Wednesday, May 23, 2001

Squatters threaten agitation for free land

By Razen Manadhar

KATHMANDU, May 22[2001] - Nearly 17,000 land-less people living in various areas of the Kathmandu Valley are threatening to take to the streets if the government fails to provide them ownership certificates of land they have squatted upon for years. But, the issue being a complex one, officials are still muddled in their response.

The squatters are asking the government to let them live on the river banks legitimately where they have been doing so for the past two or three decades. "Otherwise, we will take to the streets and will even launch demonstrations," said Dipak Rai, the secretary of Nepal Settlement Protection Society (NSPS), one of several squatters’ organizations in the Kathmandu Valley.

However, government agencies have been muddled in their response. Over a dozen of government commissions have been formed to solve the squatters’ problem in the last one and a half-decade. But none of them have focused on finding a solution to the problem of Kathmandu squatters.

Member secretary of the present Squatters’ Problem Resolution Commission, Tirtha Prasad Ligal said finding solution for the squatters of the Kathmandu Valley is not their responsibility. But he does concede, "The problem is quite complicated. The squatters’ problem in the Capital is artificial and only a bold decision can solve it."

But Rai, the general secretary of Nepal Settlement Protection Society (NSPS), refutes such claims. "We left our villages because the property we had was not adequate enough to meet all our needs. It is for the government to provide us food, cloth and shelter in the city." But he admits that many are not as pathetic as they appear to be. "Many of the landless people here have lands in their villages and some of them have huts in several settlements here."

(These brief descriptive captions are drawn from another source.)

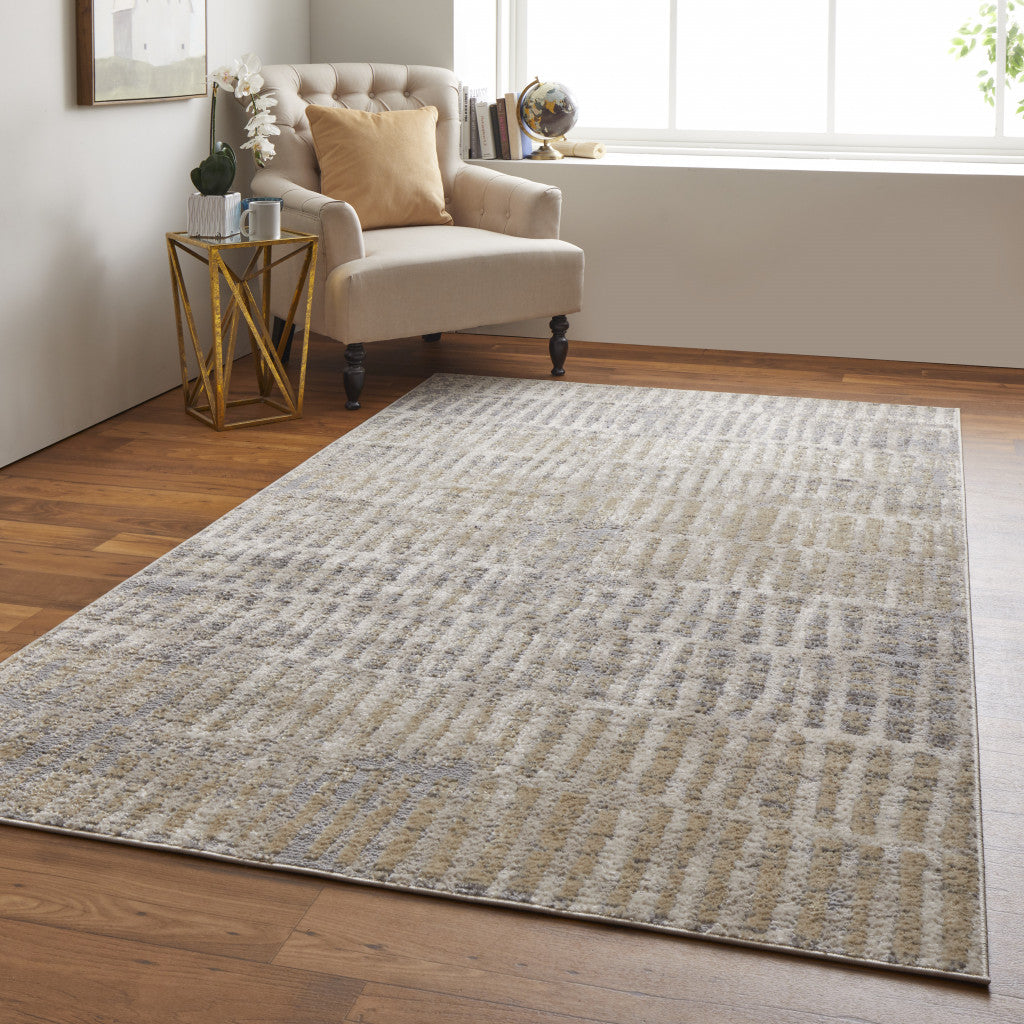 8' X 10' Gray Ivory And Gold Geometric Power Loom Distressed Area Rug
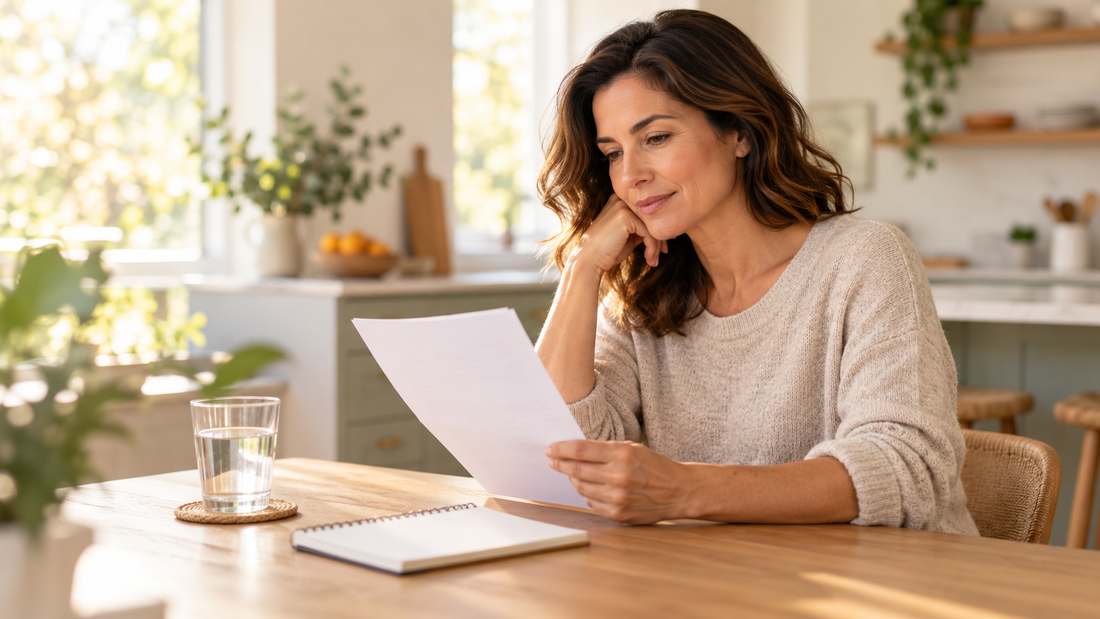 Woman calmly reviewing a laboratory results page at a sunlit kitchen table.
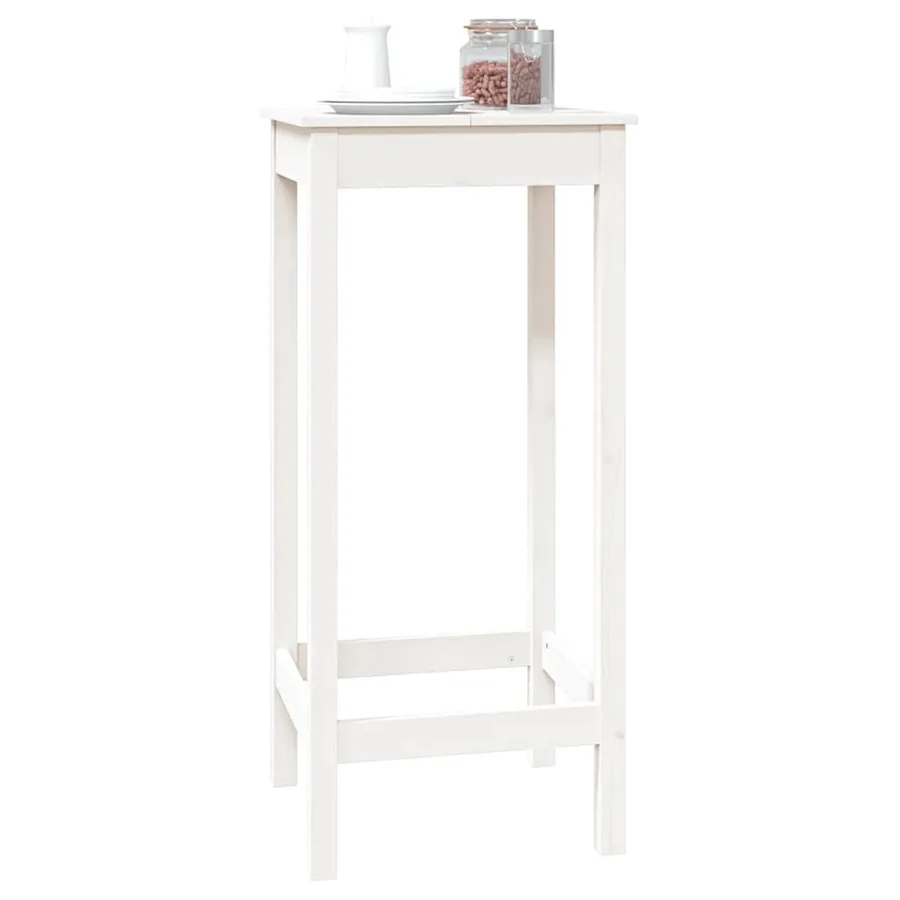 Table de bar blanc 50x50x110 cm bois massif de pin - 4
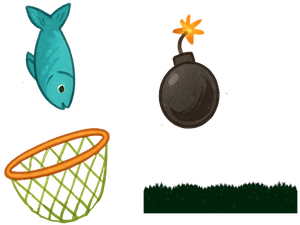 Preview of the game image with catcher, items, and ground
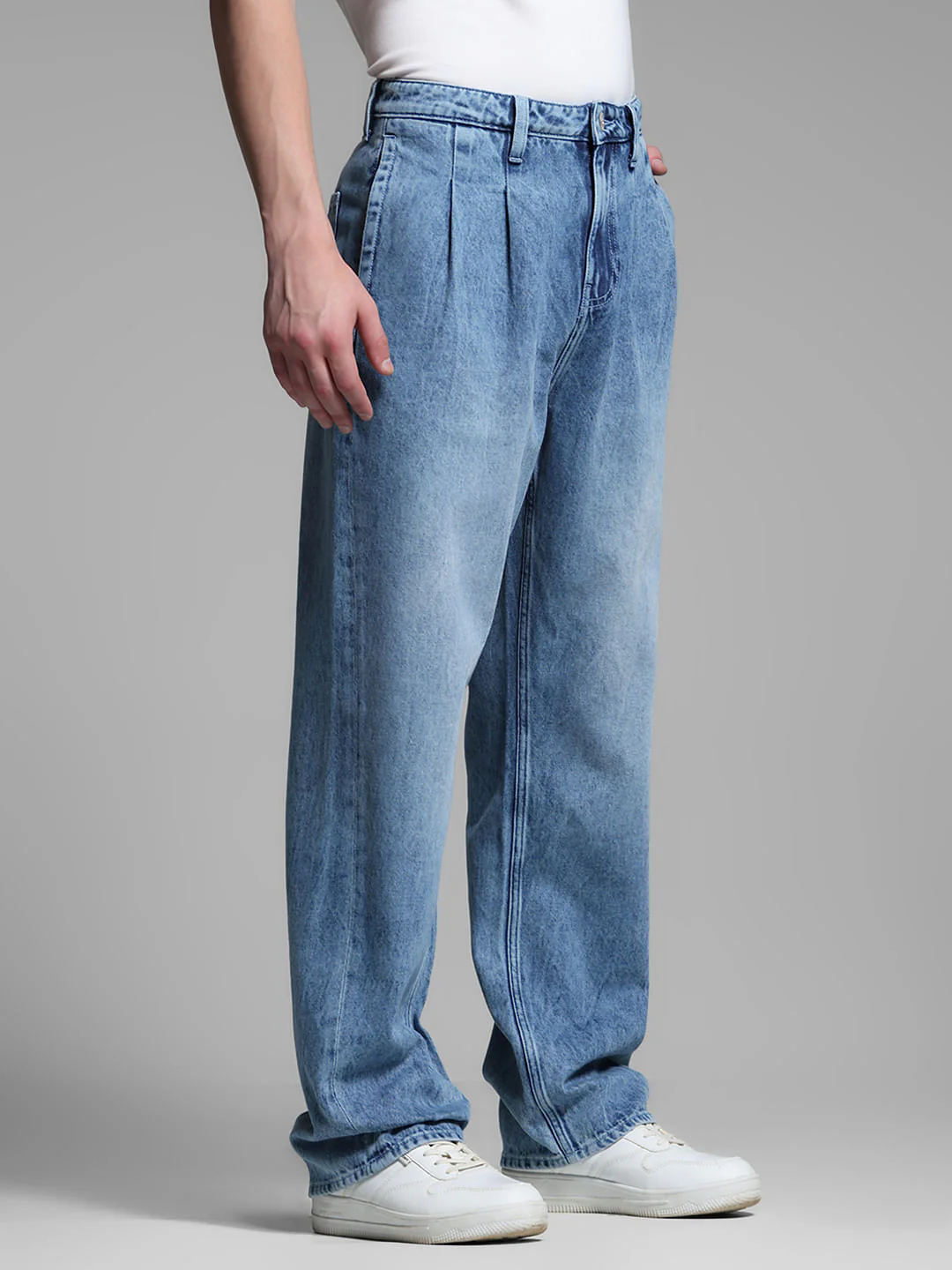 Light Blue High Rise Dario Loose Fit Jeans - Image 2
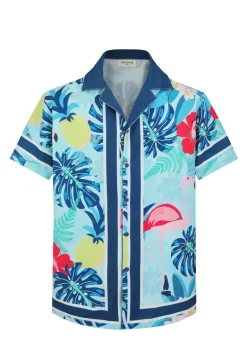 Chemise à l'imprimé tropical exotique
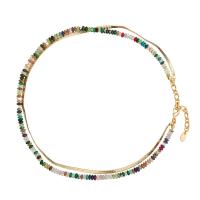 Messing Halskette, mit Naturstein, mit Verlängerungskettchen von 2inch, goldfarben plattiert, Doppelschicht & Bohemian-Stil & für Frau, Länge:ca. 15.7 ZollInch, verkauft von PC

The trend of squatting on public land - generally on the river banks - started in 1960s, thanks to the quiet encouragement given by the local representatives in the hope of creating vote bank. But more than three decades later, the squatters’ problem in Kathmandu has become a ticking time bomb.

Along the banks of the Bagmati and Bishnumati rivers, several squatters’ villages have cropped up, becoming an eyesore to metropolitan authorities. NSPS volunteers say that there are nearly 17,000 landless people living in 66 settlements in the Capital city, each of them comprising of up to 186 slum households. The biggest is Pathivara Tole behind Chabahil. Other noteworthy settlements with over 100 households are Ramhiti, Bauddha, Sankhamul, Khadipakha of Maharajgunj and Jagriti Tole of Nayabazar, Balaju.

Along with the poor families, many well-off squatters live in huts or concrete houses with colour TVs and even motorcycles. They say that they work as drivers, labourers and shopkeepers. Some are even employed as government staff, teachers, soldiers, police and so on.

The squatters’ organization defines themselves as those who have had to come to the Capital displaced by natural calamities. At the same time, there are those who came in search of better opportunities leaving their parental properties behind in the villages.

The Kathmandu Mayor, Keshav Sthapit, says he is drawing up a plan to bring all the squatters under a system. "This problem is in an alarming state. We will verify the squatters first and if they are found possessing landed property in the villages, then we will confiscate their land."

The metropolitan authorities plan to provide alternative land at minimum cost to the squatters. "However, they must first abandon the river banks for this is not a proper place to live in," Mayor Sthapit said.

But the squatters are unlikely to heed his call just yet. Part of the reason is, along with the free land, they also get free basic services from well-meaning non-governmental organizations. The Lumanti Support Group for Shelter (LSGS), for instance, is providing free education, water and sanitation to squatters in several areas. Critics say, such free schemes could become a magnet to attract more squatters.

Director of LSGS Lajana Manandhar said that the organization is helping the "urban poor" community. "The government must make a policy to control the flow of people to the city and help manage the existing unmanaged settlements," she said.